Mais ce vendredi-là, les températures estivales sont donc de sortie. Et sur Trafalgar Square, des centaines de personnes se sont réunies autour des deux gigantesques fontaines situées sur l’esplanade. Des étrangers pour la plupart, venus profiter du beau temps tout en découvrant l’un des lieux touristiques les plus populaires de la capitale britannique. Des photos et encore des photos, les appareils crépitent comme si Kate Moss avait débarqué, sous le regard amusé des "Londoners" qui les observent un café à la main. Car, oui, les Anglais boivent autre chose que du thé. Pour preuve, les quatre enseignes de boissons chaudes qui encerclent la place. Impossible d’en sortir ou d’y entrer sans y avoir fait un tour.

Mais ce qui attire l’attention depuis jeudi, c’est une volaille. Pas une vraie, une sculpture représentant un coq de couleur bleue. Des centaines de photographes sont venus immortaliser la bête, alors que les Londoniens s’indignent de voir trôner le "French cockerel" sur la place. Lui ont-ils demandé ses papiers d’identité pour s’en assurer ? La créatrice de la sculpture, Katharina Fritsch, qui est allemande, a confié ne pas savoir que le coq était l’un des symboles représentant la France, et qu’il s’agissait plutôt d’une "victoire pour le féminisme". "Durant plusieurs centaines d’années, la femme était le modèle des œuvres. Aujourd’hui, c’est un homme", explique-t-elle. Pas sûr que tout le monde comprenne.

Les pieds dans l’eau

Trafalgar Square est une des plus célèbres places de Londres. Elle commémore la victoire de Trafalgar, une bataille qui a opposé les flottes franco-espagnoles et britanniques en 1805. Aujourd’hui, elle est devenue un point de rassemblement pour différentes manifestations politiques ou culturelles. Mais, ce vendredi, pas de protestations contre le président égyptien déchu Mohamed Morsi, ni de rassemblement en soutien à Nelson Mandela. Que du soleil ! Et certains se laissent tenter par un petit bain de pieds dans l’une des fontaines, bien que ce soit prohibé. Les deux gardes qui surveillent la place font mine de ne rien voir, eux-mêmes sans doute tentés d’y plonger pour se rafraîchir. En revanche, ils sont intransigeants avec la sécurité. L’un d’eux interpelle une personne assise sur une rambarde plutôt haute, lui demandant de descendre immédiatement. Elle s’exécute sans rechigner. On ne badine pas avec les règles en Angleterre.

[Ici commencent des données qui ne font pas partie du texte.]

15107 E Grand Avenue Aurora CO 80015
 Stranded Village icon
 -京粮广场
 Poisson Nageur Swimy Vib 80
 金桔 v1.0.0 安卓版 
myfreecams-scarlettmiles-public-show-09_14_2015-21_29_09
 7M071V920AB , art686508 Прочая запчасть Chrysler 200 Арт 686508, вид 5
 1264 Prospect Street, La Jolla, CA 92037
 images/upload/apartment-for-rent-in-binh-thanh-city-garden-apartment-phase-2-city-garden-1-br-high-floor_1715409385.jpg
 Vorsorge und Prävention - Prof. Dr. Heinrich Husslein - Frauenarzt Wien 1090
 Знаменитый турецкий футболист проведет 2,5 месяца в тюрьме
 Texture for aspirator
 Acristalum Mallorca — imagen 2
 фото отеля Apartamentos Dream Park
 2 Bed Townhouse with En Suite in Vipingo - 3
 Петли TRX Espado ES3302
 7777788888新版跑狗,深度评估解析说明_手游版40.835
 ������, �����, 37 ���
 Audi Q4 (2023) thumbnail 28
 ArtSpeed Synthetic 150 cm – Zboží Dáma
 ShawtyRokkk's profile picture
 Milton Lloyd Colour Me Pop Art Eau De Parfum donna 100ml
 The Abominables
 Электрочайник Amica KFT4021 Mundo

Si bien qu’un élément faisant la "réputation" de Trafalgar Square a quasi disparu. Il s’agit… des pigeons. Dans les années 2000, Ken Livingstone, à l’époque maire de Londres, a déclaré la guerre aux pigeons en interdisant la traditionnelle vente de graines sur la place, voulant ainsi mettre un terme aux montagnes d’excréments et à l’odeur nauséabonde. Des panneaux l’indiquent d’ailleurs très clairement qu’il "est interdit de (les) nourrir". Une association de défense des pigeons de Trafalgar s’est alors créée pour les sustenter de "manière homonyme" afin de préserver l’espèce. Cependant, son initiative ne les a pas empêchés de complètement déserter la place, prenant d’assaut plusieurs parcs de la capitale.

En revanche, les touristes, eux, sont toujours là, de plus en plus nombreux chaque année à Trafalgar Square, admirant ses fontaines, l’amiral Nelson. Et, ces jours-ci, son voisin de volatile.